**The task**
Please reproduce the entries below exactly from the line with "interventional-cardiology-autocollateral-tip-injection" through their last line, leaving out any pictures.

Supplied records Block Start

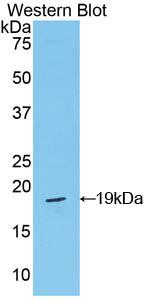 DAB staining on IHC-P; Samples: Rat Lung Tissue;  Primary Ab: 20µg/ml Rabbit Anti-Rat POSTN Antibody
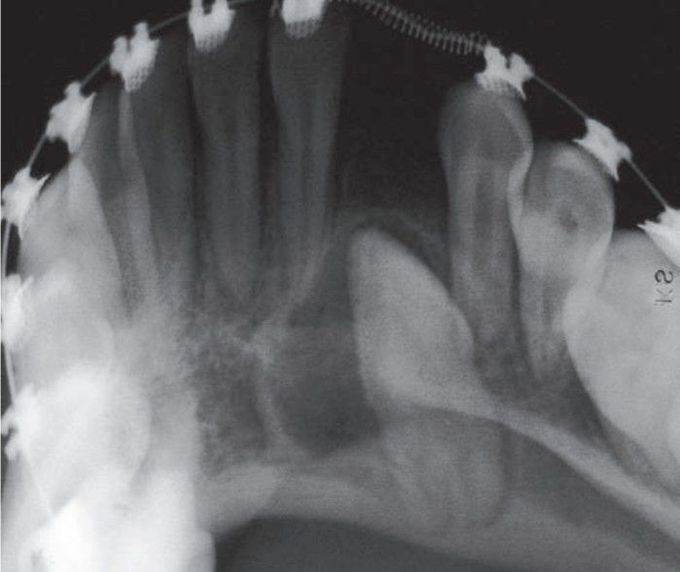 Adenomatoid odontogenic tumor xray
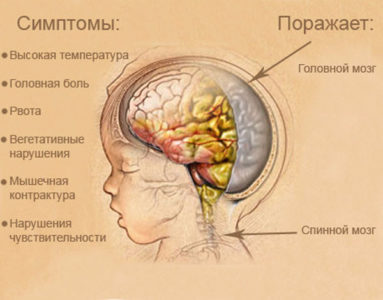 oslozhneniyaposlesrednegootitaudeteyivzr 85830DAE - Осложнения отита: последствия и восстановление слуха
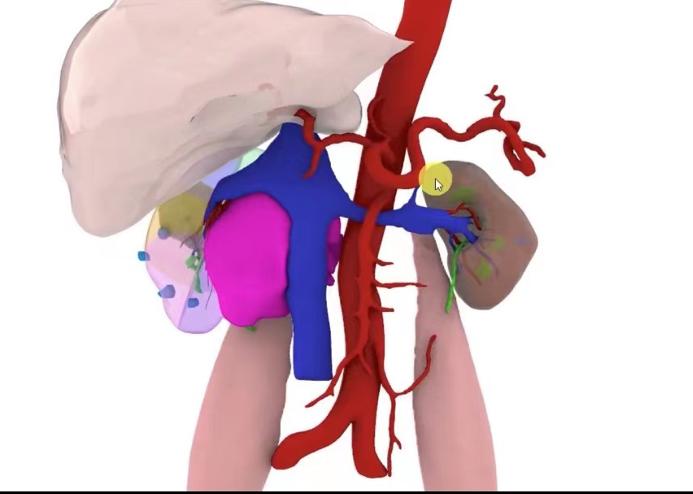 3d动画演示腹腔镜辅助手术,3d动画演示腹腔镜切除回盲部肿瘤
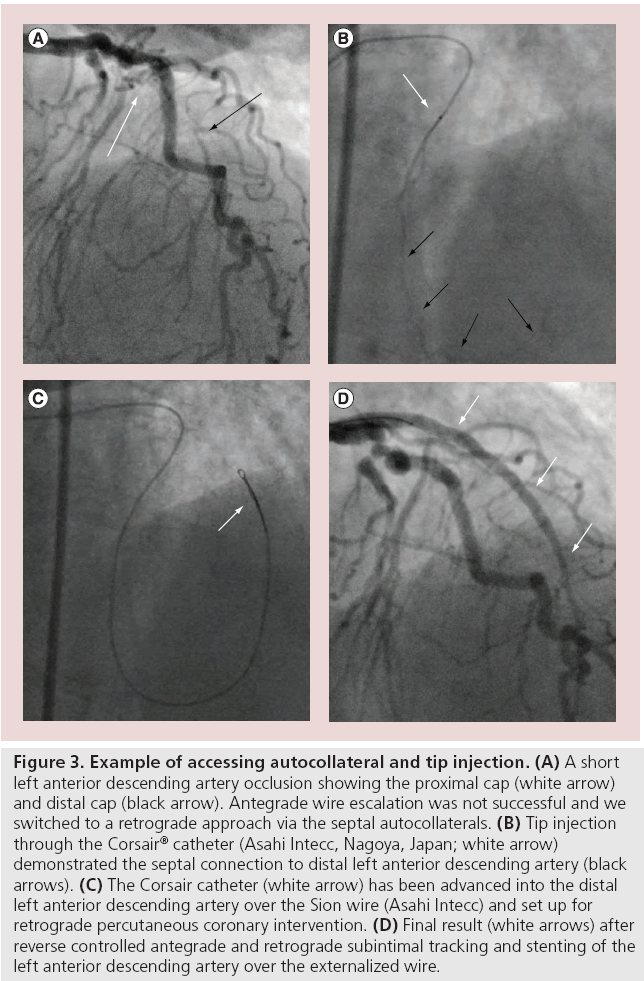 interventional-cardiology-autocollateral-tip-injection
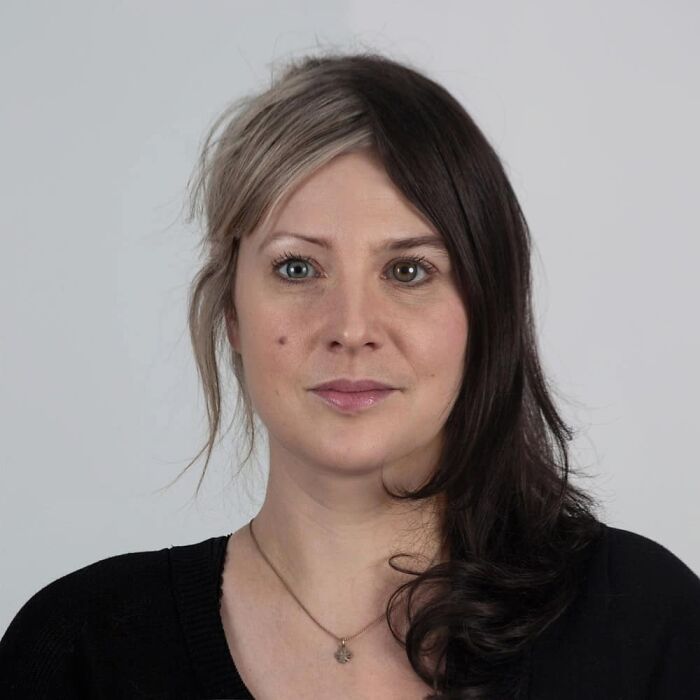 Woman with half blonde, half dark brown hair and mismatched eyes, illustrating strong family DNA traits in a genetic portrait.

Supplied records Block End

**Exercise answer**
 interventional-cardiology-autocollateral-tip-injection
 Woman with half blonde, half dark brown hair and mismatched eyes, illustrating strong family DNA traits in a genetic portrait.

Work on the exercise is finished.